WEAL
- Greensboro, North Carolina; United States;
- Broadcast area: Greensboro and Vicinity
- Frequency: 1510 kHz

Programming
- Format: Contemporary Christian

Ownership
- Owner: Delmarva Educational Association
- Sister stations: WWNT

History
- Call sign meaning: "Wheel"

Technical information
- Licensing authority: FCC
- Facility ID: 49315
- Class: D
- Power: 820 watts (days only); 200 watts (critical hours);
- Transmitter coordinates: 36°3′42″N 79°47′35″W﻿ / ﻿36.06167°N 79.79306°W
- Translator: 104.7 W284BN (Greensboro)

Links
- Public license information: Public file; LMS;
- Webcast: Listen live
- Website: wbfj.fm

= WEAL =

WEAL (1510 AM) is a radio station licensed to Greensboro, North Carolina, United States, featuring a contemporary Christian format. It broadcasts only during daylight hours allowing "clear channel" station WLAC in Nashville, Tennessee, to cover the southern portion of the Atlantic coast. Owned by Delmarva Educational Association, the station's studios are near Piedmont Triad International Airport in Greensboro, and a transmitter site is downtown.

==History==
After success with a similar station in Charlotte, Francis Fitzgerald started Greensboro's first black radio station after realizing Greensboro's African-American community listened to a Winston-Salem station.

WEAL provided music and information; for people who could not read, WEAL provided an important service. In 1963, Bill Mitchell left WPET to run WEAL. Among his accomplishments: the program "Sounder", co-hosted by a black man and a white woman, Gil Harris and Lee Atkinson, and one of the first talk shows on a black radio station. Black advertisers did well on the station, but white-owned businesses hesitated before relenting. WEAL was the top station in Greensboro because white listeners had several choices.

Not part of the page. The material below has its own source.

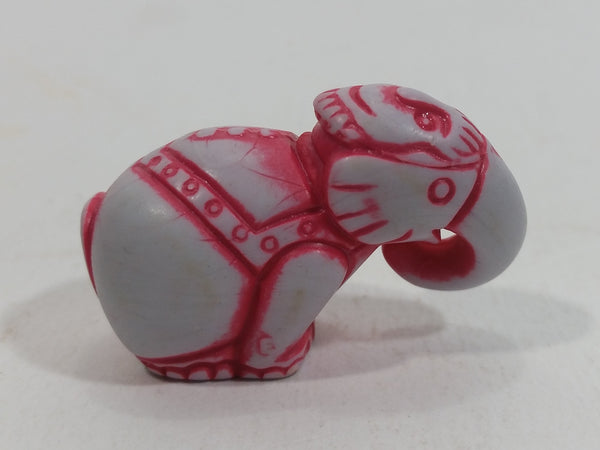 1998 Kinder Surprise K98n105 Circus Elephant Circus Clown Grey and Red Soapstone Style Toy Figurine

Among WEAL's best-known DJs were Alfred G. Richard and "Merrill the Pearl" Watson. Fitzgerald hired Richard, who was already well known in South Carolina, for twice the money he was receiving. Additional announcers were Prince Ike, Sam the Sham Tate, The "Cookin Ty Miller", Tony "TonyB" Welborne, and Bob Jones.

Competition from FM radio and a daytime-only signal resulted in WEAL's decline.

Former logo

In 1997, Sinclair Broadcast Group purchased WEAL and WQMG from Max Media, which bought the stations in 1996. The deal also included WMQX and WJMH. In July 1999, Sinclair announced it would sell its four Greensboro radio stations to Entercom Communications.

With FM reaching the same audience by the 1990s, the station began phasing out secular music. For several years, the station's call letters were WQMG.

WEAL, along with sister station WPET, were sold to Stuart and Nancy Epperson's Truth Broadcasting Corporation in September 2020. Both stations joined Epperson's other stations in the Greensboro market, namely WTRU, WKEW, and WPOL. Galax, Virginia-based WBRF, another station partially owned by Stuart Epperson, also broadcasts in part of the same market. The sale, at a price of $400,000, was consummated on December 31, 2020.